On 8 Feb 2012 at 16:36, Eric Smith wrote:
It is true that you can't run mixed SWEET16 and
6502 code on such a
setup, unless you simulate the 6502 also, but that's beside the point.
SWEET16 code is NOT native 6502 code, even though it usually is run
on an interpreter on a 6502.
That's precisely the point--the program starts out in 6502 native
mode. It calls (via JSR) a subroutine (SWEET16) that goes through
the argument list (follows the JSR) until the end.

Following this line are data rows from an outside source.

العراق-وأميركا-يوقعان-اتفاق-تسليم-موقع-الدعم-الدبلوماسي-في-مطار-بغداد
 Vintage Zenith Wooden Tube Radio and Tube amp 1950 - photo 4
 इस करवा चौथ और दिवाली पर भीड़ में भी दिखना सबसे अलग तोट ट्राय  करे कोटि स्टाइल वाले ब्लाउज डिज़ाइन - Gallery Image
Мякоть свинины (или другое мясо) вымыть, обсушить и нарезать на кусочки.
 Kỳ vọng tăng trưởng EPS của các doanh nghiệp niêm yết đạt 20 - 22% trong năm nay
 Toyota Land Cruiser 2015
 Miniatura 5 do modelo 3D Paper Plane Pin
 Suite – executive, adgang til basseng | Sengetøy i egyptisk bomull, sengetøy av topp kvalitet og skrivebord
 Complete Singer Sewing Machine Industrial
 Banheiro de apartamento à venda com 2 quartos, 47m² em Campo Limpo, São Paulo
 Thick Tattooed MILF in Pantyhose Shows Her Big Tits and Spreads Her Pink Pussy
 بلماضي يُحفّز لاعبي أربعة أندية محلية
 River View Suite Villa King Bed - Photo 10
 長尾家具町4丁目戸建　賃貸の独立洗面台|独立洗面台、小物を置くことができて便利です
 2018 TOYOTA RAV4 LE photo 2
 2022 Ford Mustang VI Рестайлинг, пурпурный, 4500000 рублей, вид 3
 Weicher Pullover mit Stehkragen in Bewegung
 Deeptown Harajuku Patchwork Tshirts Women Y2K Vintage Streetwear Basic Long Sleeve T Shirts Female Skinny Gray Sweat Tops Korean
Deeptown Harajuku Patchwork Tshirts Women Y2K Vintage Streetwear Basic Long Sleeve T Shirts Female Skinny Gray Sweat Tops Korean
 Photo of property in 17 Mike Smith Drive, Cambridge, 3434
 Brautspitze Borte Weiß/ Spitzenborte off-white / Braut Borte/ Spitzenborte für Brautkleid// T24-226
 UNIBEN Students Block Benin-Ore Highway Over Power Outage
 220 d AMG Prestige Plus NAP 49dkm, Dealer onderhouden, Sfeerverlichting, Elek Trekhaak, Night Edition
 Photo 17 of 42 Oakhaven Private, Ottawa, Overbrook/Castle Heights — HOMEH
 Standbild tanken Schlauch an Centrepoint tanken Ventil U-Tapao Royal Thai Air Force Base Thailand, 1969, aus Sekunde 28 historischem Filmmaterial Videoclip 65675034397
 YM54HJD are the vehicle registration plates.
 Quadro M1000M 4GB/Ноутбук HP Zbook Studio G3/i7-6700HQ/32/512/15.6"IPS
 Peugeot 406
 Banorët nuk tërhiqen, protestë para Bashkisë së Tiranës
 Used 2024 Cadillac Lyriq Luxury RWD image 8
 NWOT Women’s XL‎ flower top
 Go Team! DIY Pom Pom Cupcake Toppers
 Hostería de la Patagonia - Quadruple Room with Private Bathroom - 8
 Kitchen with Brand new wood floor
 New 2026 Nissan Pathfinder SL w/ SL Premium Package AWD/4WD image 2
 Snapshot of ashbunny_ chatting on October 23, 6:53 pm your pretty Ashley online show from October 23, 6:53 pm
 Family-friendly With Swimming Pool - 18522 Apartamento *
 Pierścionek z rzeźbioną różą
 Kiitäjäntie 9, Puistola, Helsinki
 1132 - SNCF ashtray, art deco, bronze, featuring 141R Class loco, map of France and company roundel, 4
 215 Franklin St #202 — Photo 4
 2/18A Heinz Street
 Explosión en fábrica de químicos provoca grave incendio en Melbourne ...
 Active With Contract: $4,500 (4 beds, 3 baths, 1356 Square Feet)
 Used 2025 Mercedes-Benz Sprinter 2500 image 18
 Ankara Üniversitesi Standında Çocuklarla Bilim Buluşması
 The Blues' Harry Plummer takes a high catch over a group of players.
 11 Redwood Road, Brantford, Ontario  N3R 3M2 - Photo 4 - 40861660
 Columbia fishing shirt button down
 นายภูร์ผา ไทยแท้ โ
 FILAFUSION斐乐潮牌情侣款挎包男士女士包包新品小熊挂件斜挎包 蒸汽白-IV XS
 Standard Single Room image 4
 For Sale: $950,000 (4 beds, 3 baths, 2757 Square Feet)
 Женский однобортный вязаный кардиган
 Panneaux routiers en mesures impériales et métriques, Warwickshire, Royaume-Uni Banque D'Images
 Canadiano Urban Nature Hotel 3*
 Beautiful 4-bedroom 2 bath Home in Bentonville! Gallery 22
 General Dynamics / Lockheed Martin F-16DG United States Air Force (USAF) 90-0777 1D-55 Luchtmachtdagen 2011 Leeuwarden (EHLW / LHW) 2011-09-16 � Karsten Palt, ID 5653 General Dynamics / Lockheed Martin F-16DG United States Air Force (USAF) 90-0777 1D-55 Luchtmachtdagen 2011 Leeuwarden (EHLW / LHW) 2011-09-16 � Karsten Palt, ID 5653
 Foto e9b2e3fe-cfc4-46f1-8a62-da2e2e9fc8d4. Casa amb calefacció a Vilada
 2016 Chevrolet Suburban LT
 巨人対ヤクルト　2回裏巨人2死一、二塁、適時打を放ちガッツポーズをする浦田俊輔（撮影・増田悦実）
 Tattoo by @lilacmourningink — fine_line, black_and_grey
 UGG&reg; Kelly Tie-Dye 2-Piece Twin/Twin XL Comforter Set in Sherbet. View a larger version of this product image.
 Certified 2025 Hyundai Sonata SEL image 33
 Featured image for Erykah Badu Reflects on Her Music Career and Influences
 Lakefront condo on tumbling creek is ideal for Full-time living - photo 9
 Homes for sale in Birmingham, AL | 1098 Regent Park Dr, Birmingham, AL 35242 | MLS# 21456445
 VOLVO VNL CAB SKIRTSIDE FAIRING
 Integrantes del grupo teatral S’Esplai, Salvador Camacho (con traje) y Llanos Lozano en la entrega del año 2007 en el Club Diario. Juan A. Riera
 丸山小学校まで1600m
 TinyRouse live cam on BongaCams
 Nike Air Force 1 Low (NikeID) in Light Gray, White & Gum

If that's not native code, then neither is a printf(), which is
invoked via a native-mode CALL instruction, which then interprets the
string passed as an argument.
I suppose you could argue that printf() is executing printf
instructions and not native code, but that seems to be stretching the
point.
I can similarly run a sequence similar to the following (and I have):
CALL DoSomething
integer operation-one
address operand-one
address operand-two
integer operation-two
address operand-one
address operand-two
address operand-three
0
But let's get back to my original proposal. Suppose I want to
implement an indirect fetch-and-postincrement operation corresponding
to C *p++.
I could write (in 8080 pseudocode):
RST 5
db increment-and-fetch code
dw address of pointer
and write a servicer for RST 5 that would execute a short subroutine
that would fetch the pointer, load and return the byte it points to
and then increment and store the pointer. If fetch-and-increment-
pointer is a common operation, I can potentially save a large amount
of code.
It's not emulation.
That you need to use emulation to execute a 6502 program on a
different platform should be the clue.